And the oddities kept coming all the way to season’s end.

On May 22 the Brewers put in a formal protest in the fourth inning claiming Bernazard was using a corked bat. He wasn’t.16

In late July, Corrales made Thompson switch to an underhand, submarine-style delivery. But that didn’t solve Thompson’s struggles — it resulted in a 0-5 record, two blown saves, and a 9.36 ERA.17

Utility player Mike Fischlin’s $15,000 van was stolen on the first night of Cleveland’s final homestand of the season.
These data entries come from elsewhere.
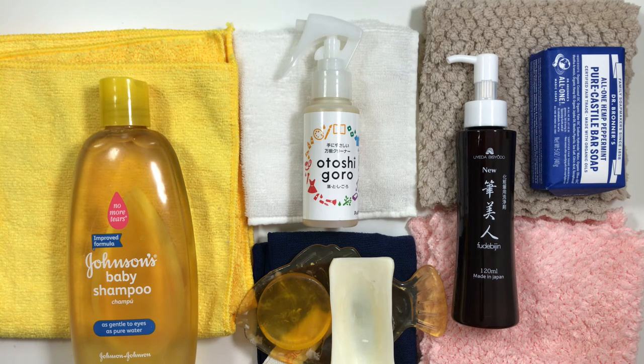Hi fude lovers, welcome back to my channel. This will be an updated fude cleaning and maintenance video. I've tried different soaps and towels over the years and thought I'd go over some of them along with the ones that I like.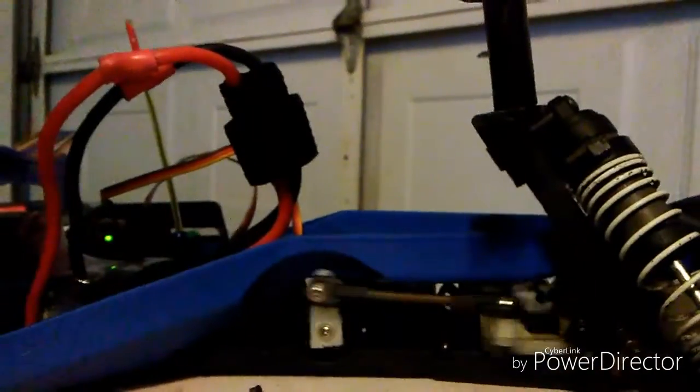Aside from that, it works great. The servo saver — I don't know if you can see that — it used to be a four-way, but I had to cut it down because the servo was too short. So there you guys have it: a new working servo.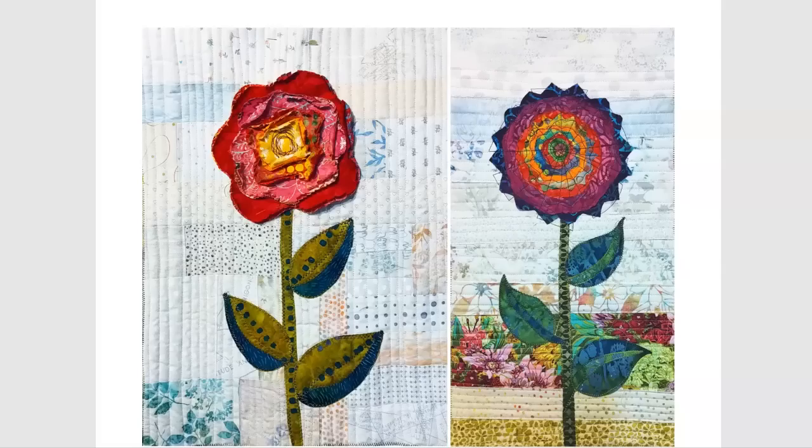Before we get started, I just want to show you what we're going to do today. I am so excited about these little quilts. They are adorable. That background works beautifully. The raw edge applique, there's a couple different options. I think you'll really enjoy this. So let's go ahead and get started. I want to show you how to make your own.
It was recovered a day later without wheels, the radio, lights, or Fischlin’s clothes.18 A final insult in the tough season — both for the veteran who hit .200 and for a team that badly missed expectations.
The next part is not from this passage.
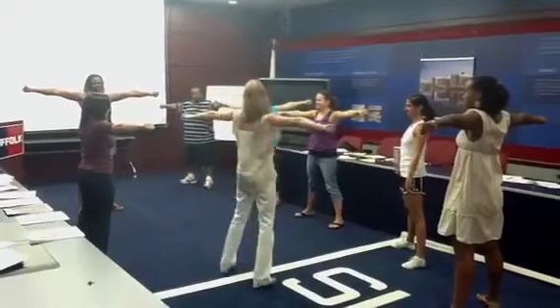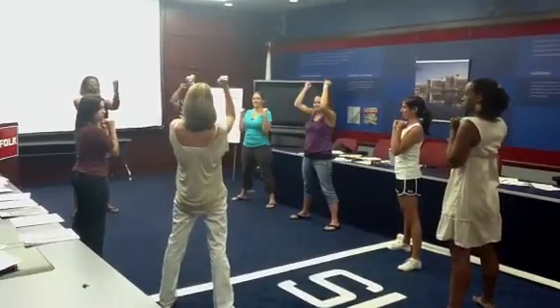All right, so then from T, you can go into broken T. And then from broken T, you can go into elbows on the table. And then from elbows on the table, you can go to elbows on the bar.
“We are going to have a nice little fight for positions in the spring,” Corrales said after the season. “I’m going to roll the balls out there and say, ‘OK boys, go ahead.’”19

 

Sources

In addition to the sources cited in the Notes, I used the Baseball-Reference.com, Stathead.com, and Retrosheet.org websites for statistics and team information.

https://www.baseball-reference.com/boxes/KCA/KCA198505010.shtml

https://www.retrosheet.org/boxesetc/1985/B05010KCA1985.htm

 

Notes

1 After three errors proved decisive in Cleveland’s 6-3 loss to Baltimore on April 17, manager Pat Corrales ordered his team to report to the stadium at 10:30 the next morning for infield practice. Had it not been raining after the game, Corrales said, he would have forced the team back onto the field because “[y]ou can’t play like that and expect to beat anyone. Not the Baltimore Orioles or the Westlake (Ohio) Little League club. It was pathetic.” Paul Hoynes, “3 Indians’ Errors Help Orioles Win,” Cleveland Plain Dealer, April 18, 1985: 1-F.

2 Julio Franco, the American League’s leading hitter with a .516 average, was a no-show for Cleveland’s game at New York on April 20. It was reported that he visited old friends after the Indians’ April 19 victory and fell ill, but he did not inform the team of his whereabouts. Paul Hoynes, “Franco Skips Tribe Loss,” Cleveland Plain Dealer, April 21, 1985: 1-C.

3 Bert Blyleven surrendered three home runs at Baltimore on April 28, and when he was taken out of the game after a walk in the eighth inning, out of frustration he sent the fans a pair of obscene gestures. He was fined and suspended by the American League on May 2, but his suspension was rescinded after he publicly apologized and made two $2,500 donations to Baltimore charities. “League Rescinds Blyleven’s Suspension,” Reno Gazette-Journal, June 22, 1985: 2B.

4 On April 29, Cleveland’s Brett Butler slid hard into Kansas City’s Buddy Biancalana to try to break up a double play, and the two began a wrestling match on the infield, which led to a benches-clearing skirmish. (Even Indians manager Pat Corrales returned to the field despite his ejection earlier in the game.) Paul Hoynes, “Indians’ Late Rally Falls Short,” Cleveland Plain Dealer, April 30, 1985: 1-D.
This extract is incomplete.